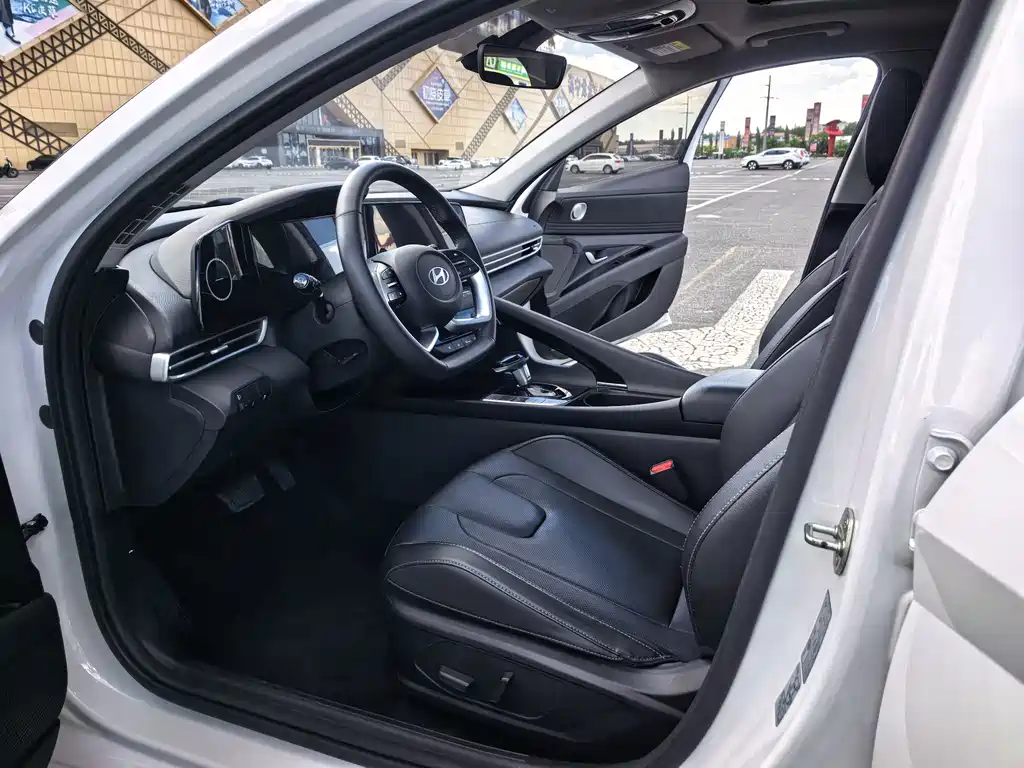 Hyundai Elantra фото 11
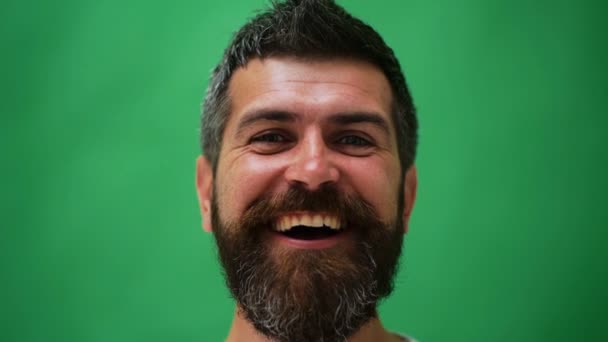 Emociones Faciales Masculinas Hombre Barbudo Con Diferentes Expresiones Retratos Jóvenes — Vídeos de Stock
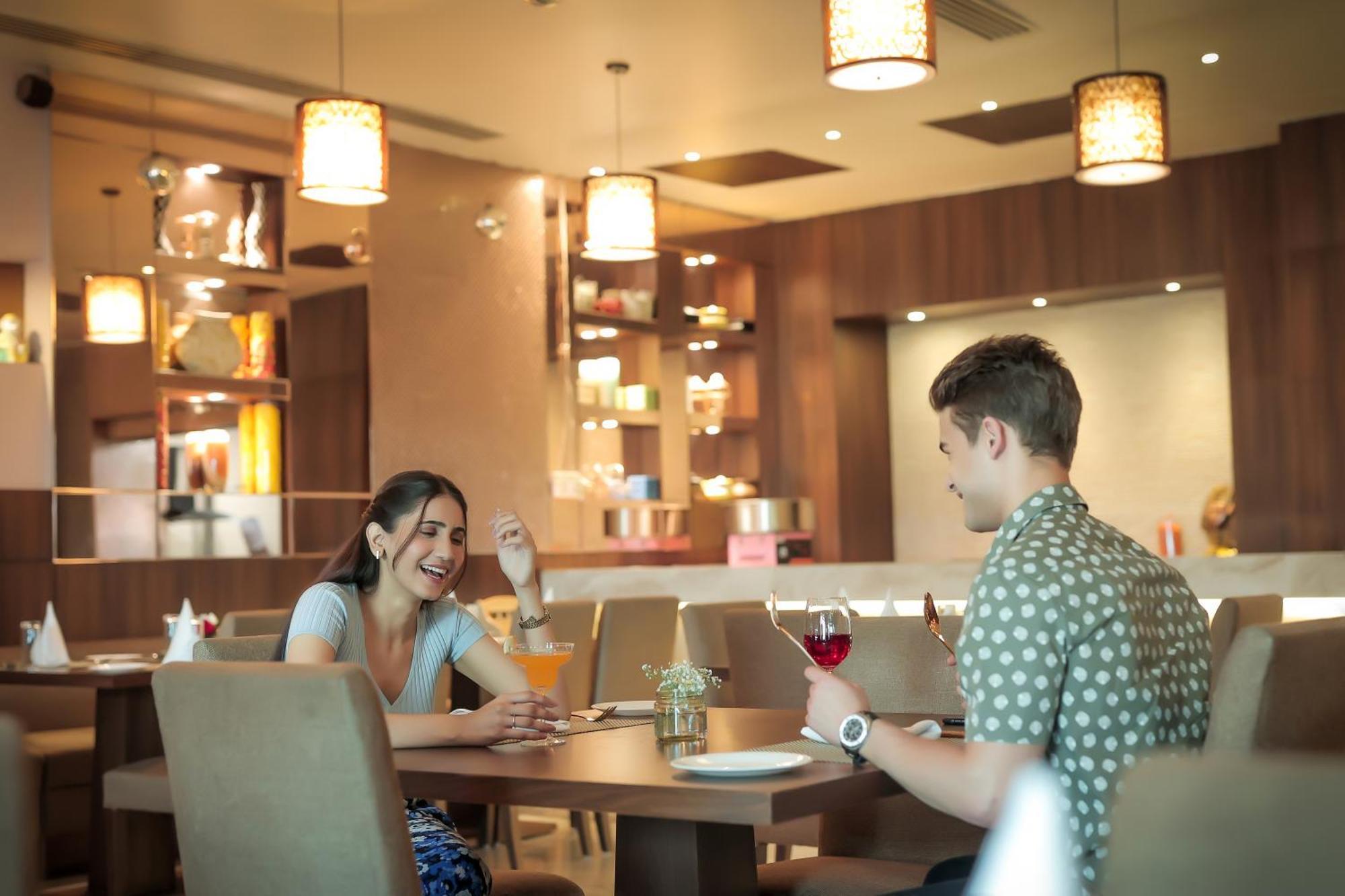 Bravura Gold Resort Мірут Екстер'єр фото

==

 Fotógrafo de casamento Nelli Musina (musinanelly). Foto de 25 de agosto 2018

• **Problem to solve**
Give back exactly the lines above from the one with "Hyundai Elantra фото 11" through the one with "Bravura Gold Resort Мірут Екстер'єр фото", both included. Pictures don't belong in the copy.

• **Solution for this task**
 Hyundai Elantra фото 11
 Emociones Faciales Masculinas Hombre Barbudo Con Diferentes Expresiones Retratos Jóvenes — Vídeos de Stock
 Bravura Gold Resort Мірут Екстер'єр фото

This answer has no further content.